Etiquetado: calorías
Dándole más vueltas al balance energético y a las hormonas
«Long-term, intermittent, insulin-induced hypoglycemia produces marked obesity without hyperphagia or insulin resistance: A model for weight gain with intensive insulin therapy«
Experimento con ratas. Tenemos dos grupos: al grupo RH le inyectamos insulina humana y al grupo Control le inyectamos solución salina. Se inyecta tanta insulina como se comprueba necesaria en cada momento del experimento para forzar un cierto nivel de hipoglucemia (i.e. nivel bajo de glucosa en sangre).
Aunque el experimento se extiende hasta los 12 meses, la gráfica que se nos da en el artículo muestra el peso de distintos depósitos de grasa a los 8 meses:

A los 8 meses el grupo RH tenía una grasa corporal 2.8 veces mayor que la del grupo control. A los 12 meses ya era 4.2 veces mayor. Aparentemente ése es el efecto de inyectar insulina.
¿Es que las hipoglucemias llevaron a esas ratas a consumir más comida? No. Según los autores del estudio, no vieron diferencias en la ingesta calórica entre los dos grupos de ratas.
No group differences were seen in total food intake, neither during the early stages of treatment (Fig. 6) nor at 8 mo (RH average intake 30.4 ± 1.1 g/day, controls average intake 30.7 ± 1.2 g/day, P = NS).
La siguiente gráfica detalla la ingesta de ambos grupos en las primeras 9 semanas:

Si no han comido más, ¿cómo pueden haber engordado mucho más? Los autores del artículo barajan dos posibilidades: a) la mágica y b) la fisiológica, y lógicamente descartan que pueda ser debido a una diferente ingesta entre grupos, pues según hemos visto no ha habido diferencias:
the data suggest that the weight gain observed is a consequence of reduced energy expenditure and/or altered adipose storage rather than any increase in food intake.
La primera opción es la mágica, pues carece de mecanismos fisiológicos que la respalden: según esta opción, la inyección de insulina mágicamente reduce el gasto energético y los adipocitos mágicamente detectan que se ha creado un superávit calórico a nivel corporal y deciden acumular grasa por mecanismos mágicos. Ahí acaban las explicaciones: es así y no preguntes por mecanismos fisiológicos, porque esta opción está por encima de esas vulgaridades. ¡Son leyes universales, mendrugo!

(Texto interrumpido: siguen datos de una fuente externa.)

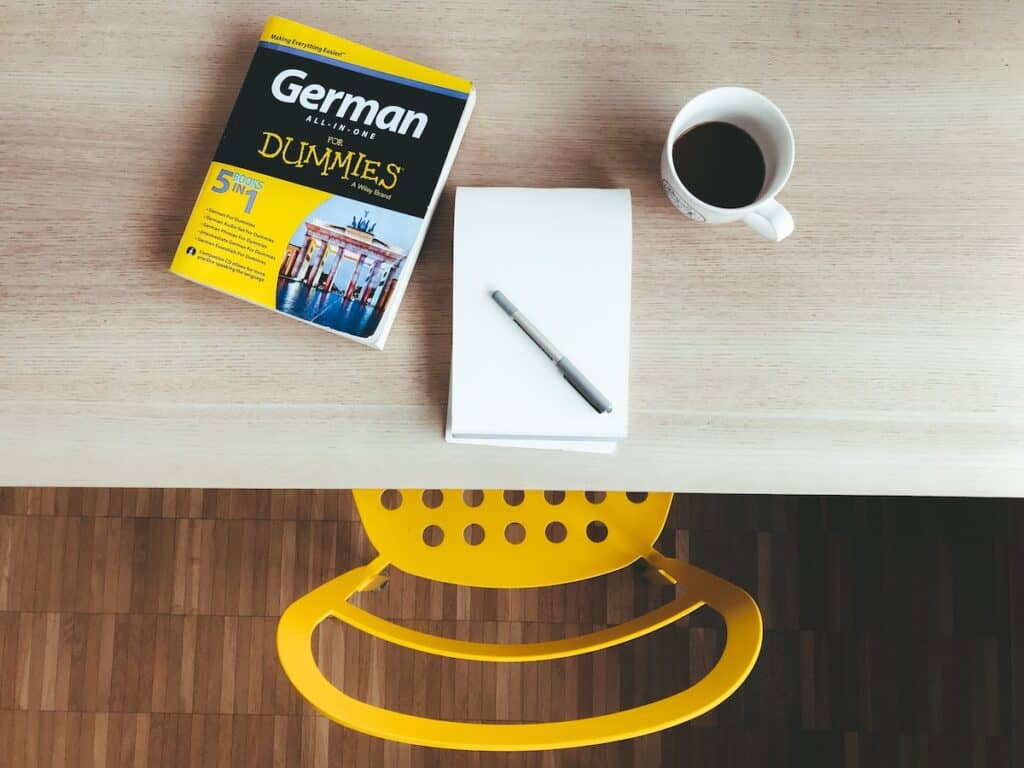 How to Say How Are You in 100 Different Languages 4 Book on learning the German language set on a desk beside a notebook, coffee, and yellow chair.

La segunda opción es la que se basa en mecanismos fisiológicos conocidos: se sabe que el principal efecto de la insulina es fomentar la acumulación de triglicéridos en los adipocitos (ver,ver). Si inyectas insulina es de esperar que aumente la acumulación neta de grasa corporal. Y si ese fuel es almacenado, no está disponible para otras funciones, y lo lógico es que, como consecuencia de estar engordando, el cuerpo reaccione ante la falta de alimento reduciendo el gasto energético y que también se reduzcan los niveles de actividad física, como así sucedió. En ese sentido, engordar puede ser una forma de pasar hambre.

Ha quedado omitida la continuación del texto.